▸ EXERCISE GOAL:
Without the pictures, print the lines from the one holding "Skmei S231-BK Black" through the last line below, both included, exactly as they stand.

━━ DATASET RECORDS

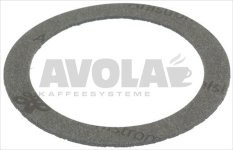 Kesseldichtung ø 104x80x2 mm Pavoni Professional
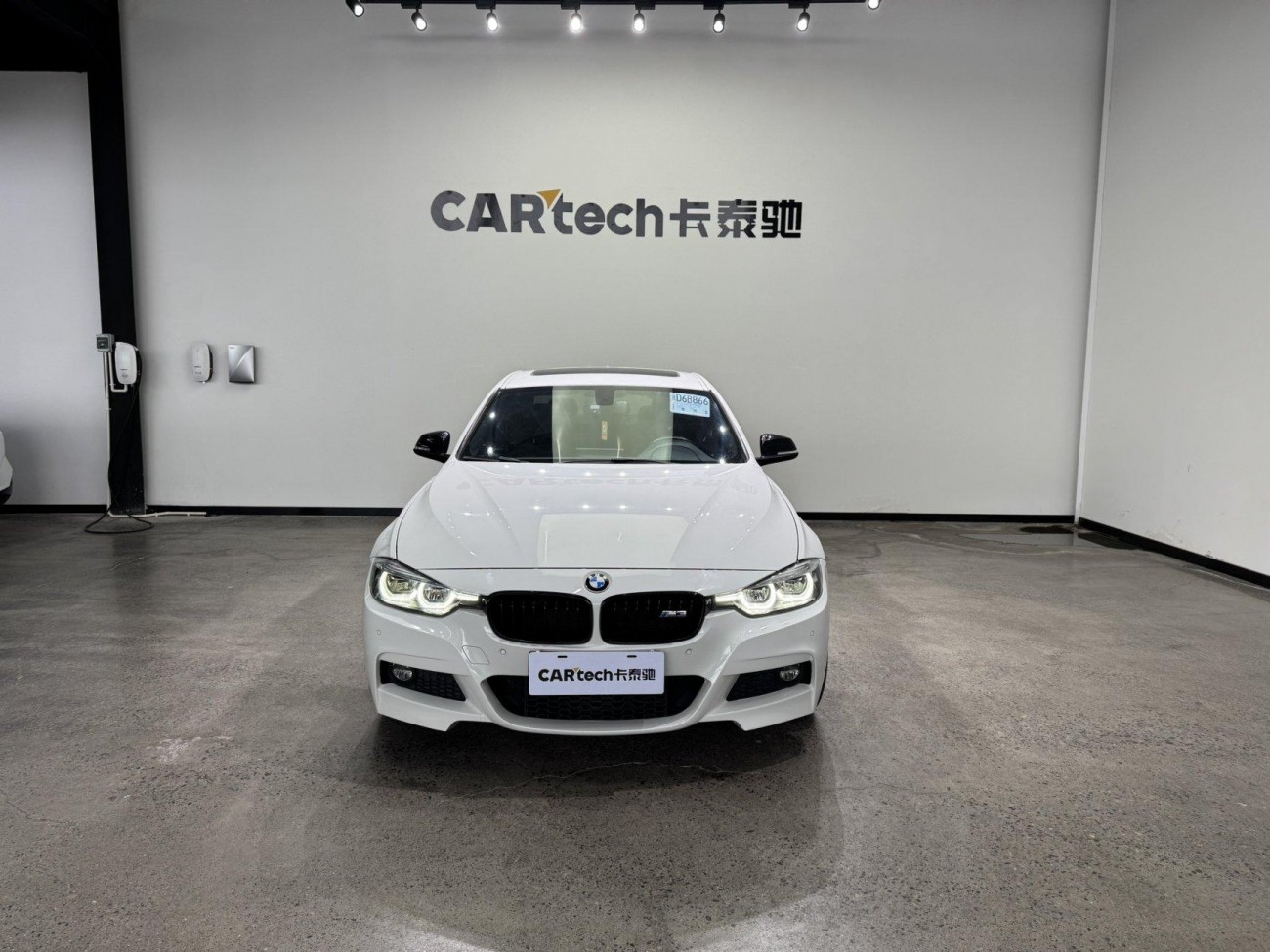 BMW 320i 2018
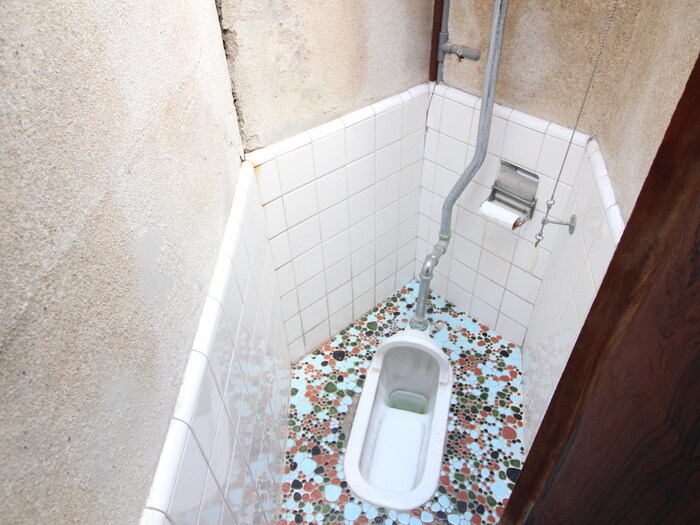 物件内観写真12　(トイレ)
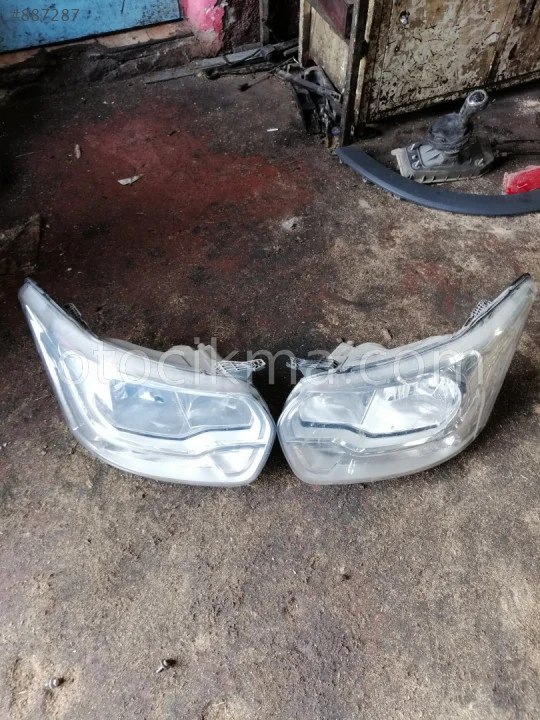 Ford transit sağ sol far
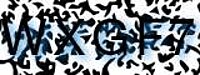 grafischer Sicherheitscode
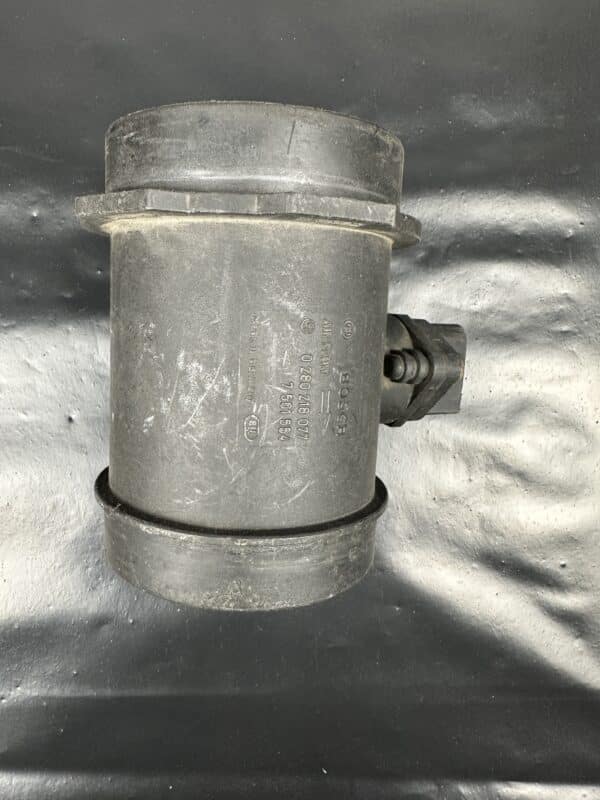 7501554 / 0280218077 Bosch BMW E65 E66 E67 735i 745i Air Mass Sensor – OEM Used & Tested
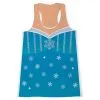 Women's Performance Tank Top - Ice Queen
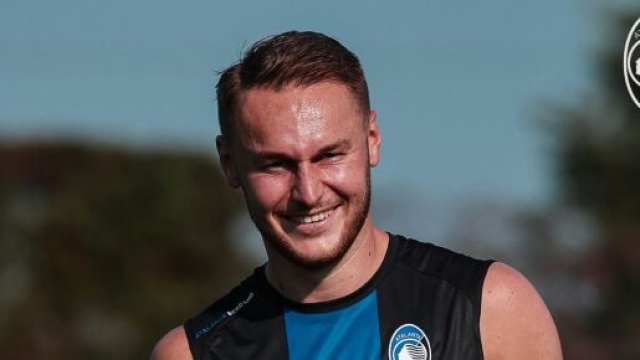 Teun Koopmeiners, centrocampista dell'Atalanta. Foto &copy; Atalanta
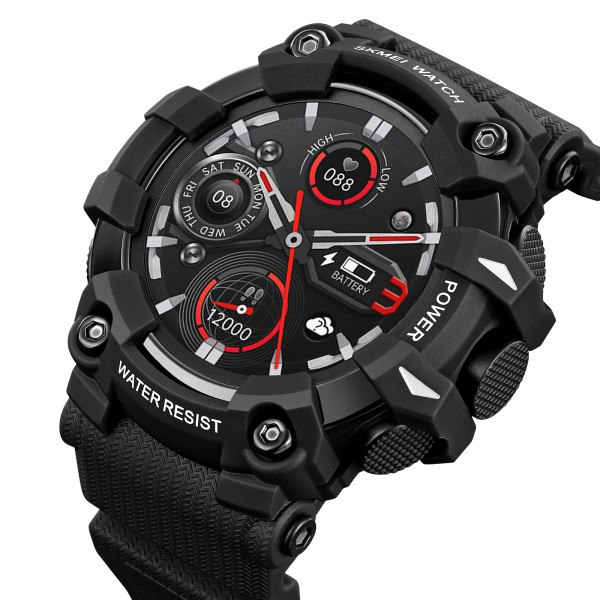 Skmei S231-BK Black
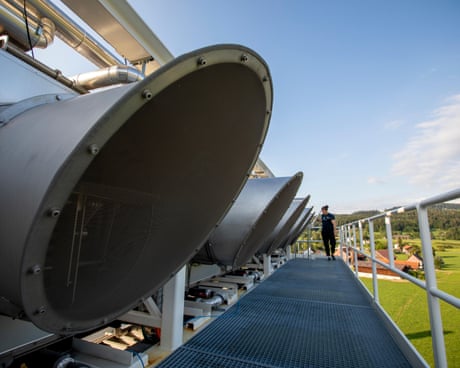New ways to remove CO2 from atmosphere must grow much faster, report says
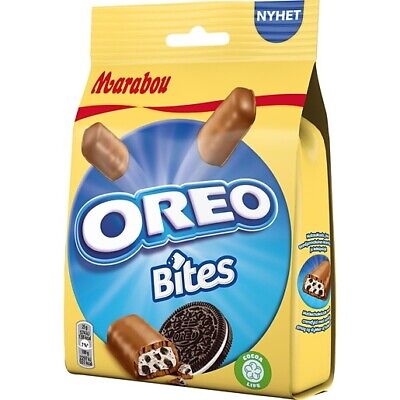 marabou oreo filled marabou oreo filled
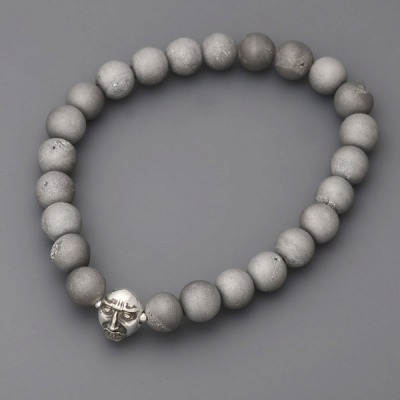 ストーンブレスレット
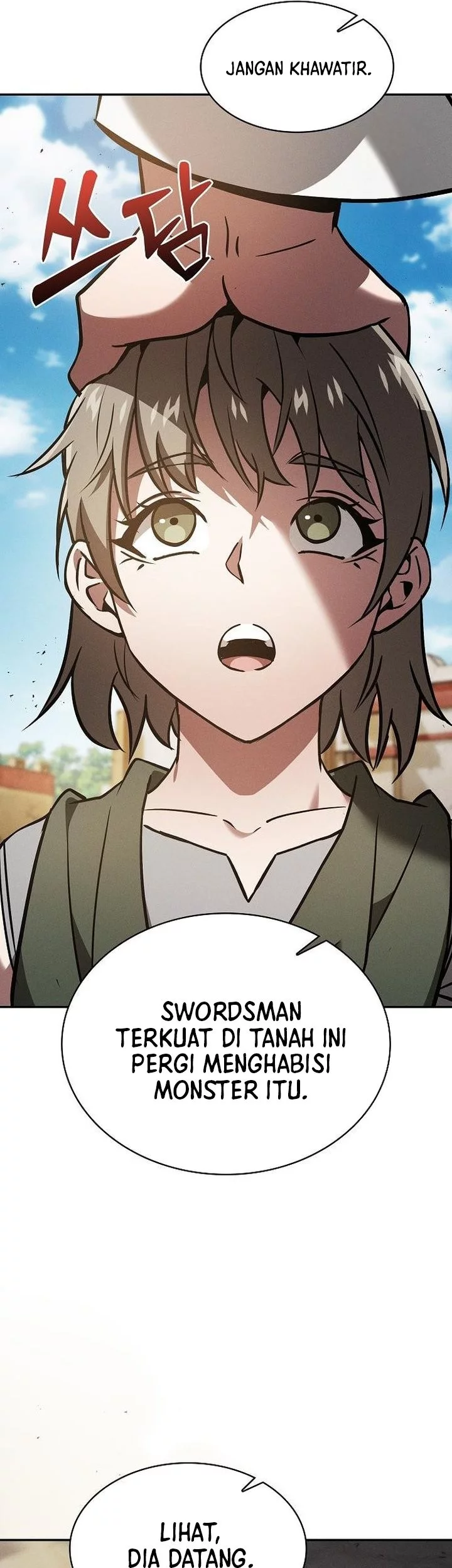 Academy’s Genius Swordmaster Chapter 123 - halaman 81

━━━━

▸ ANSWER BOX:
 Skmei S231-BK Black
New ways to remove CO2 from atmosphere must grow much faster, report says
 marabou oreo filled marabou oreo filled
 ストーンブレスレット
 Academy’s Genius Swordmaster Chapter 123 - halaman 81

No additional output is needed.